Divide using synthetic division $$ ( -2x^{4}+9x^{3}+5x^{2}+1 ) \div ( x-2 ) $$
The synthetic division table is:
$$ \begin{array}{c|rrrrr}2&-2&9&5&0&1\\& & -4& 10& 30& \color{black}{60} \\ \hline &\color{blue}{-2}&\color{blue}{5}&\color{blue}{15}&\color{blue}{30}&\color{orangered}{61} \end{array} $$The solution is:
$$ \dfrac{ -2x^{4}+9x^{3}+5x^{2}+1 }{ x-2 } = \color{blue}{-2x^{3}+5x^{2}+15x+30} ~+~ \dfrac{ \color{red}{ 61 } }{ x-2 } $$Step 1 : Write down the coefficients of the dividend into division table. Put the zero from $ x -2 = 0 $ ( $ x = \color{blue}{ 2 } $ ) at the left.

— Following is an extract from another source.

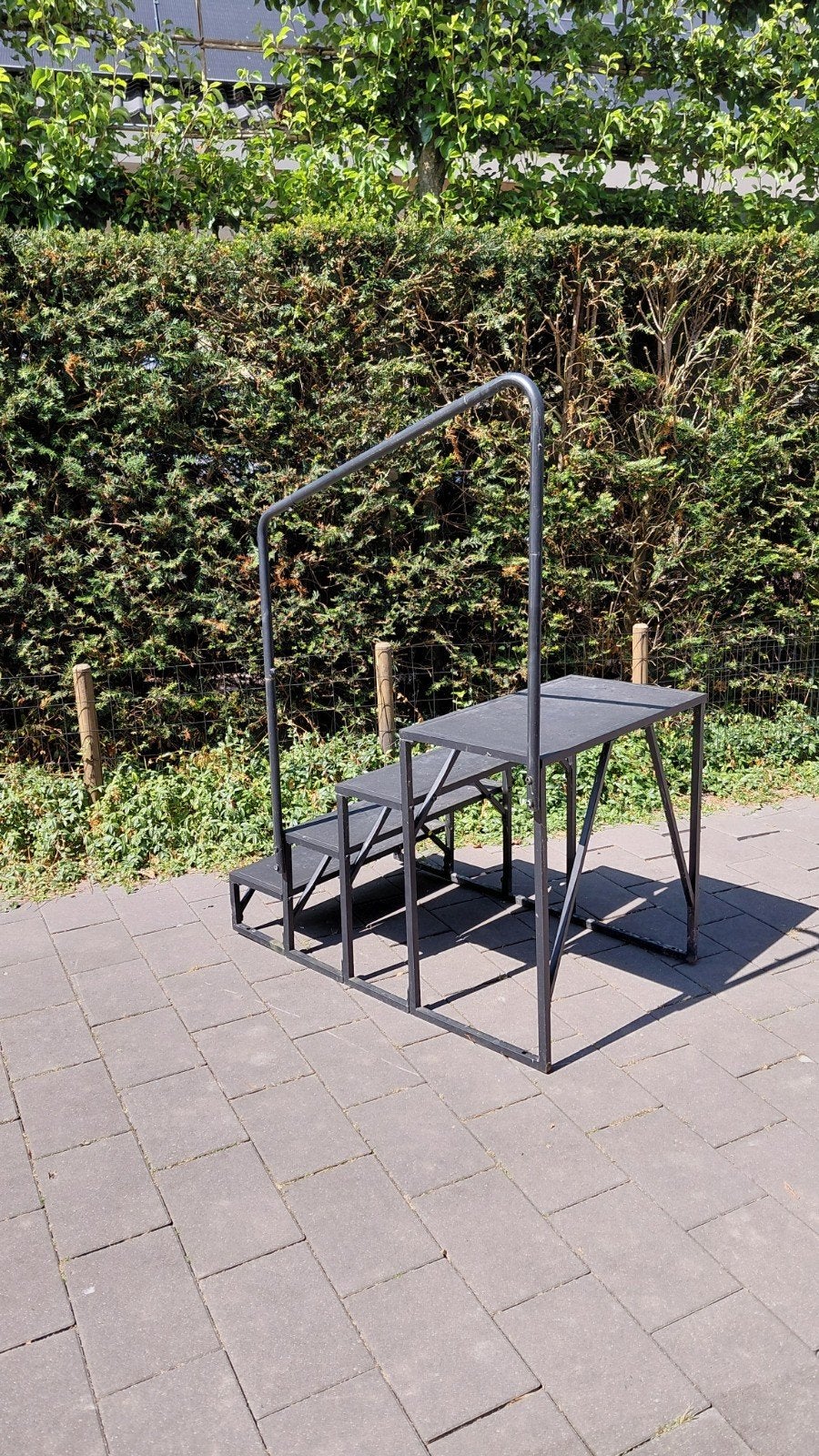 Stevige stalen trap met 4 treden en leuning, Doe-het-zelf en Verbouw, Ladders en Trappen, Ophalen, Zo goed als nieuw, Trap, Minder dan 2 meter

$$ \begin{array}{c|rrrrr}\color{blue}{2}&-2&9&5&0&1\\& & & & & \\ \hline &&&&& \end{array} $$Step 1 : Bring down the leading coefficient to the bottom row.
$$ \begin{array}{c|rrrrr}2&\color{orangered}{ -2 }&9&5&0&1\\& & & & & \\ \hline &\color{orangered}{-2}&&&& \end{array} $$Step 2 : Multiply by the number on the left, and carry the result into the next column: $ \color{blue}{ 2 } \cdot \color{blue}{ \left( -2 \right) } = \color{blue}{ -4 } $.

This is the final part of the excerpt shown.